You are asked to repeat the listing word for word and to leave out its pictures.
[DATA EXTRACT Boundary: Start]
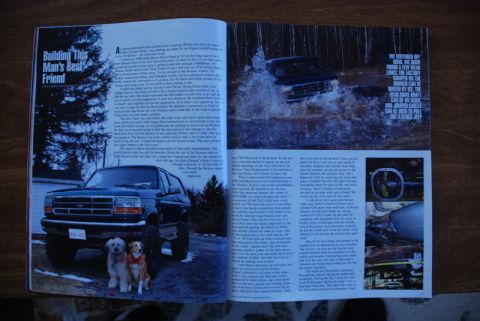 1996 Ford Bronco - A dark blue Ford Bronco is shown driving through a muddy water crossing, kicking up a large splash.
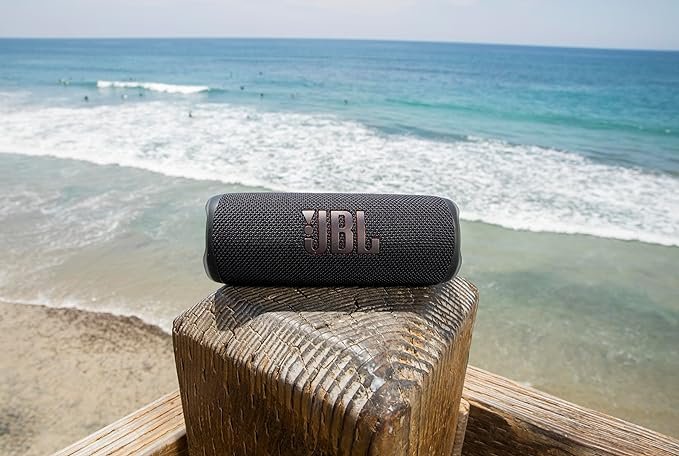 JBL portable Bluetooth speaker on wooden post by the beach — waterproof, travel-ready speaker with powerful sound, one of the best portable speakers on Amazon 2025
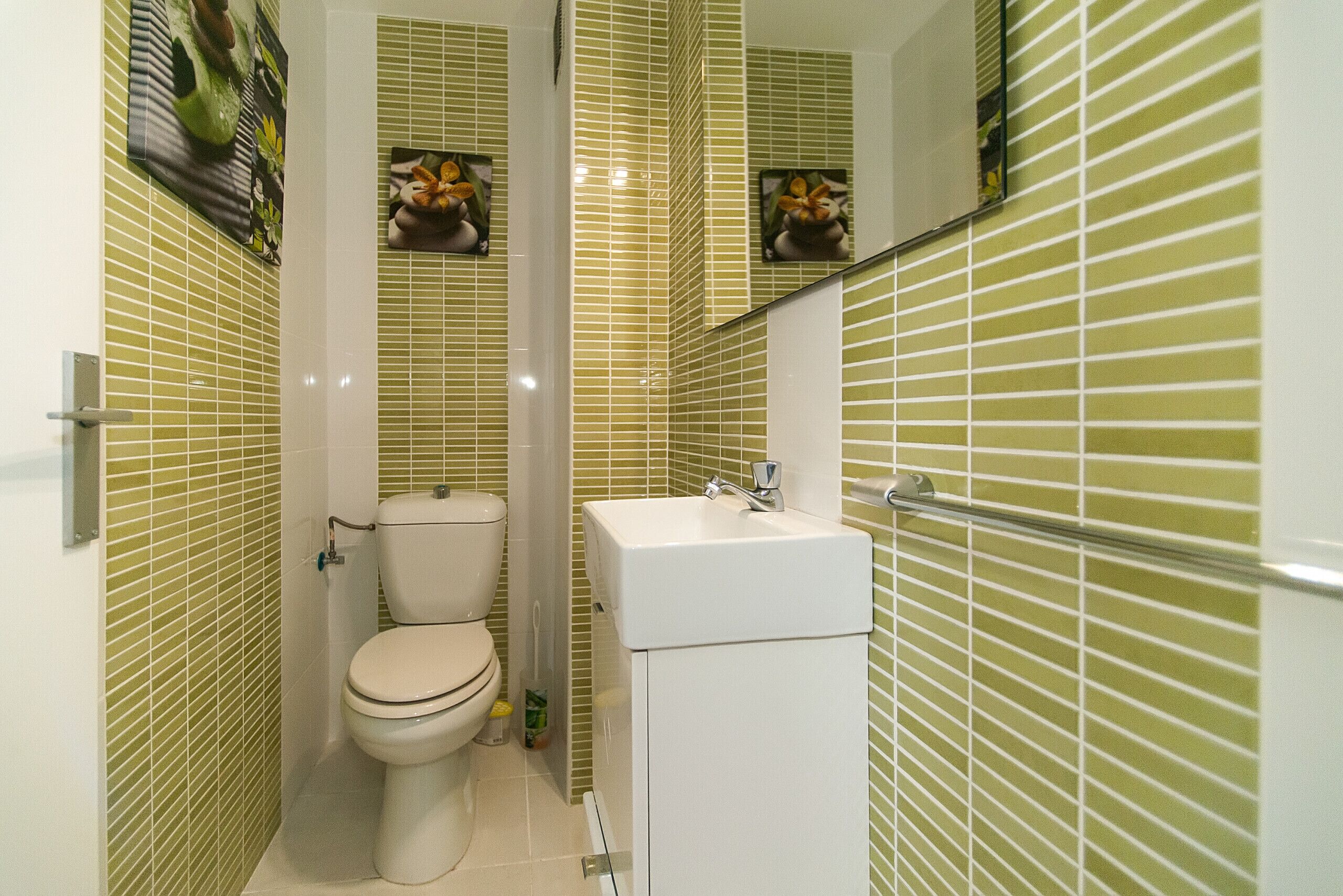 A bathroom with green-striped tiles, a white toilet, and a white sink with a mirror above it.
[DATA EXTRACT Boundary: End]
EXERCISE RESULT.
 1996 Ford Bronco - A dark blue Ford Bronco is shown driving through a muddy water crossing, kicking up a large splash.
 JBL portable Bluetooth speaker on wooden post by the beach — waterproof, travel-ready speaker with powerful sound, one of the best portable speakers on Amazon 2025
 A bathroom with green-striped tiles, a white toilet, and a white sink with a mirror above it.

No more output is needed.